Los Angeles, CA$0.00$0.18$0.90$4.00

In Los Angeles it is true there has been a reduction. My ride minimum is now $2.63. The minutes are now .21, and the mile is .61. Surge is not what it used to be.

OK. So the pay changed and we probably need more equitable treatment. We have drivers who say things like, "what do you expect"? And they probably have very ingrained confidence issues. If any of us do not see our lives on the line, then let them make their ten cents an hour. The rest of us, who have to watch ourselves, deserve recognition and respect.


----------



## Dekero (Sep 24, 2019)

And this is why I actively try to judge when surge will be kicking and drive those hours ..

Last nite in Memphis it was like a perfect storm.. it was foggy as heck you could barely see past 2-3 car lengths...we had a concert, a marathon, a Huge U of Memphis football game during the day, and a huge pub crawl going on downtown... so there were people everywhere!! and around 10:15 after having small surges in the $5 range the place blew up to 15 to $18 surges and lasted until 3 in the morning it ebbed and flowed a little bit and went down to 11 and $13 but working five and a half hours last night I was able to make over $340.... Out of 15 rides... only the first 2 early ones did not have surge attatched... Yep Ill be taking Monday off thank you very much..
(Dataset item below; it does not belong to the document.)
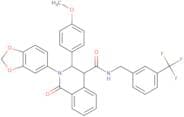 (2-benzo[d]1,3-dioxolen-5-yl-3-(4-methoxyphenyl)-1-oxo(4-2,3,4-trihydroisoquinolyl))-N-((3-(triflu…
Gotta work smarter not harder .. I saw all that stuff coming together 2 allow for a huge surge so I stayed home all day and didn't even start driving until almost 9..

Had I worked 5 1/2 hours in the morning, I would have been lucky to make $100....

Pick your battles people....


----------



## LADryver (Jun 6, 2017)

Dekero said:


> And this is why I actively try to judge when surge will be kicking and drive those hours ..
> 
> Last nite in Memphis it was like a perfect storm.. it was foggy as heck you could barely see past 2-3 car lengths...we had a concert, a marathon, a Huge U of Memphis football game during the day, and a huge pub crawl going on downtown... so there were people everywhere!! and around 10:15 after having small surges in the $5 range the place blew up to 15 to $18 surges and lasted until 3 in the morning it ebbed and flowed a little bit and went down to 11 and $13 but working five and a half hours last night I was able to make over $340.... Out of 15 rides... only the first 2 early ones did not have surge attatched... Yep Ill be taking Monday off thank you very much..
> 
> ...


So when you pick your battle, what if you have just one? Or, perceptively just one? And that one is about actual dollars? What battles are abandoned, if it is really, in the present, the one that exists? You mention the importance of surge and timing. I agree that is important. But what happens to the surge? This is an old topic. Two years ago it was decried about Uber taking surge away in a new pay model. But that is not the whole story. They seem to have restored surge up to a point until last month when flat dollar amounts showed up. And nobody said anything. Sone questions arose. Now I am outraged at what I am seeing. Suppose we all simply react by submitting statements to Uber. Each ride that has a surge falls into one of two categories. Each day we review our surge rides. The passenger pays info, is not just a memo to notify us. It is a tool to enrich us. Did the pax pay surge, yes or no. If yes, we should have a payment adjustment if the service fee shown is more than $2.00. I do not mind if they keep 2.00, or as much as 20% of the charge. In a long ride, surge 12.00, minutes 121, miles 96, pay 118, then if the rider paid 175, you figure they can have 34 of it, and the pay would be 141. But it isn't. It is 118.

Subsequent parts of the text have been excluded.